Depending on which FNMA bond you tracked, the 5.5% or the 6.0%, determined the level of destruction you saw, with the 5.5% losing more than 100bp in the two days. Either way, the "good news" is they both closed above their 25-day Moving Average, a good support layer.
Bonds will continue to be attacked this week, starting with tomorrow’s FOMC Meeting and the release of the Fed rate decision. Mortgage rates tend to move in the opposite direction as the Fed’s decision, so the question will be, will the movement last week be an expected correction, or will the trend be broken?
Here are the economic happenings this week:
- Tuesday: FOMC Meeting (2:15)
- Wednesday: Balance of Trade (08:30)
- Thursday: Initial Jobless Claims (8:30), Producer Price Index (PPI) {and Core PPI} (8:30), Retail Sales and Retail Sales ex-Auto (8:30)
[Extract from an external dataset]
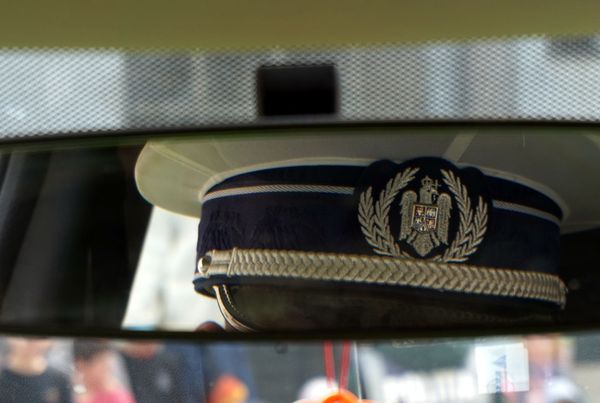 Közel tízezer embert bírságoltak meg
- Friday: Consumer Price Index (CPI) {and Core CPI} (8:30), Capacity Utilization (9:15), Industrial Production (9:15)
As you can see, the "main event" will be tomorrow’s Fed rate decision, but the end of the week will be testing bonds again. I plan to keep locking clients this week, unless something interesting arises.
Just an update – after I posted, bonds broke below their 25-day MA, so the trend may very well be broken.
Robert, you see your advice was heeded. Great job keeping us informed!